Local PhD holders are having it worse?

I am refuting the first paragraph of this ST article – “Dr Hoh Chung Shih could have easily walked into a teaching or research position at a university” – as bull.

(Editor’s note: A snippet of this ST news originally appeared on New Nation on Sept. 7 but was subsequently lost as our site was compromised by hackers. But now it is back up again on Sept. 21 for posterity.)

This statement is entirely dubious. Unless you know the head personally or are super duper top of your field type, you can never “walk into a position” at a university.

And why would that be so? One reason is because the position a PhD holder wants to “walk into” is already saturated with foreigners anyway.

Basically, the user-generated comments attached to the original online ST article are more of the real thing than the happy conditions portrayed within the article by ST. There is one comment about the average researcher who won’t survive, which I find to be very true.

And there are many reasons for this not just because of the influx of foreigners.

But basically, I have heard of and known so many Singaporean PhD holders who decided to stay overseas and not come back. In that sense, that’s brain drain, but of course, Singapore has the money to buy in foreigners who are better, right?

The world scrambles at the millions offered up to foreigners to come set up their lab here, so basically, we Singaporean PhD holders are made to compete with the rest of the world here in our home country.

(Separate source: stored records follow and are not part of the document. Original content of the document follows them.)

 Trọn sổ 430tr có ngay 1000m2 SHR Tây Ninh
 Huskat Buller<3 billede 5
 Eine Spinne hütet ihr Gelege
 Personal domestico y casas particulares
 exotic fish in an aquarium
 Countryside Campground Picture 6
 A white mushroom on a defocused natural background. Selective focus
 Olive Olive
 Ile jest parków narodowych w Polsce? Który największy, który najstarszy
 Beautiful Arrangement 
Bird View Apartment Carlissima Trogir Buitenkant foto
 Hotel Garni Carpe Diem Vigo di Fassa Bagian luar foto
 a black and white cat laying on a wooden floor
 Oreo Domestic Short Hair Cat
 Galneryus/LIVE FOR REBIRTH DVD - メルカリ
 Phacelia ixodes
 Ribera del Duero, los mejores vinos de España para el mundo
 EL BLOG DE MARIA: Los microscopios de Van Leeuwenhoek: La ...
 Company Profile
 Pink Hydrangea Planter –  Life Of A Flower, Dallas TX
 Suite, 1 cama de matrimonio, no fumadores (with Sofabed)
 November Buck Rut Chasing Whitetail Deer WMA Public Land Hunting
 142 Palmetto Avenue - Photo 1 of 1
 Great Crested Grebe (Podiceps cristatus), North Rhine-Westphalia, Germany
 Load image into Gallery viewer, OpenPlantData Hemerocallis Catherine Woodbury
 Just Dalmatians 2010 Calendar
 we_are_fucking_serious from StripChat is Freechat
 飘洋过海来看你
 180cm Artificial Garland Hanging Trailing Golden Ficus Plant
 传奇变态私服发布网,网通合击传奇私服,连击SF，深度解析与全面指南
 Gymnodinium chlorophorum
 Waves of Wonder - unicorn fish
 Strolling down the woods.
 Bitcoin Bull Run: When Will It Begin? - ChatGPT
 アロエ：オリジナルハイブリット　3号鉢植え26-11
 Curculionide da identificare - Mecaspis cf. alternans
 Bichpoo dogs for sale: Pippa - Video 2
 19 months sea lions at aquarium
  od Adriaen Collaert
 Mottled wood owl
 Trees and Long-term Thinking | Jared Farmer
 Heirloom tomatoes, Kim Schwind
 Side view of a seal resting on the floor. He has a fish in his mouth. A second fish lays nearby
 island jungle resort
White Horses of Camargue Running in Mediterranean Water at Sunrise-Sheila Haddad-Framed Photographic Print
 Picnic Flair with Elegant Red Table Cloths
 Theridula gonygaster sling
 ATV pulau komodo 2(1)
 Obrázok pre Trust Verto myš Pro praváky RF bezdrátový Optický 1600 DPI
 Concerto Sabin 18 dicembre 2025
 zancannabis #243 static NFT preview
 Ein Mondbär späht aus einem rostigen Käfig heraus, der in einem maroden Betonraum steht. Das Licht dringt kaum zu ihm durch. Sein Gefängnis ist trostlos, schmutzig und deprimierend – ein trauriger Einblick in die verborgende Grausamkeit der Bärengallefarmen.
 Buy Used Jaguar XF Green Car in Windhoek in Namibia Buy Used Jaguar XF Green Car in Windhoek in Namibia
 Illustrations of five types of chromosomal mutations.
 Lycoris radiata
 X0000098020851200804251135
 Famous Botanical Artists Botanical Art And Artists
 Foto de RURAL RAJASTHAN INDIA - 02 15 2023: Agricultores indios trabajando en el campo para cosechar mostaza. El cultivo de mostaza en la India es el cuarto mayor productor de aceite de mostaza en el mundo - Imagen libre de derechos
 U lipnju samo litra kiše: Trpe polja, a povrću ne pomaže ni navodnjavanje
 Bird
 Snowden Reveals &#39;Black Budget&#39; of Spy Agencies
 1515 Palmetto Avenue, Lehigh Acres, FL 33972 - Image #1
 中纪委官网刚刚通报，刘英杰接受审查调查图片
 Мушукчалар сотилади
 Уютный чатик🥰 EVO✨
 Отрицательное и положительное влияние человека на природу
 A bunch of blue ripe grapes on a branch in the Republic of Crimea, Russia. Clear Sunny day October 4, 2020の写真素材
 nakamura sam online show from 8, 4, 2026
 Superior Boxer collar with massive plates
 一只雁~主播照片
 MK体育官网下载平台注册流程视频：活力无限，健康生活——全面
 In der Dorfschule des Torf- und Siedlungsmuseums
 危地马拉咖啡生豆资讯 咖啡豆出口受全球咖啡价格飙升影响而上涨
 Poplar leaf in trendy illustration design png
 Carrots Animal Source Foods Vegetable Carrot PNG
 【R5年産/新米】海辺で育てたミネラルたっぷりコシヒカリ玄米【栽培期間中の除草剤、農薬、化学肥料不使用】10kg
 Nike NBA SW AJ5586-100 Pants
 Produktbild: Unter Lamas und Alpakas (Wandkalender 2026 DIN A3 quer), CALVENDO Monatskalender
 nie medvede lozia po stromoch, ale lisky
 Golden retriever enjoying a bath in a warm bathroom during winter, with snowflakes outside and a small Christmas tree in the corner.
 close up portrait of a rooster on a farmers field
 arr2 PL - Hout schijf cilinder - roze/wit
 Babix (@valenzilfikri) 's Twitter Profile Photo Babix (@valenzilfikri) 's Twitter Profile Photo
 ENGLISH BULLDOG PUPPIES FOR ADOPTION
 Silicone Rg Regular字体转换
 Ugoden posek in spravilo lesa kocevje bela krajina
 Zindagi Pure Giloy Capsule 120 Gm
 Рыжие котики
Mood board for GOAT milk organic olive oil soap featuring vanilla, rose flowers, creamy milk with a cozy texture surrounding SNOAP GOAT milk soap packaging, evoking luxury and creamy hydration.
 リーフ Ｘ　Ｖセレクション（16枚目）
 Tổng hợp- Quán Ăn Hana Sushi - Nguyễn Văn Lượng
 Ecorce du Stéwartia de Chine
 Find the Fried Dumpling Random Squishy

Look, I’ve always wanted to be a scientist since young, but the circumstances around me forced me to reconsider my future. And this isn’t about feeling a sense of entitlement just because we Singaporeans have a place just because we are in Singapore.


The root of the problem still lies with the people who fund research and their expectations of research.

As it is, many Singaporean PhD holders in my workplace are feeling disillusioned, unappreciated and unmotivated. I think that the root cause for this is the government’s attitude and approach towards research.

They want tangible profits fast. In other words, research is akin to running a profit-making entity. Basic research without commercial value are shut down or dismissed as useless and funds are directed towards so-called “science with commercial value”.

This is unrealistic because this is not how research works.

(Editor’s note: This is true. Viagra, that happy blue pill that is making a lot of money, was never intentional. It happened as a by-product while researching for something else altogether.)

Underlying this is the discrimination of Singaporean locals. Somehow, foriegners are deemed more ‘talented’ than locals. I have so many examples of how foreigners are promoted in favour of locals, how difficult it is to find employment after an overseas post-doc, foreigners holding top positions, so on and on.

What Singapore really needs is to switch paradigms and focus on developing the local PhDs. But sadly, I don’t think we will see this in my generation.

This note was published on the condition of anonymity.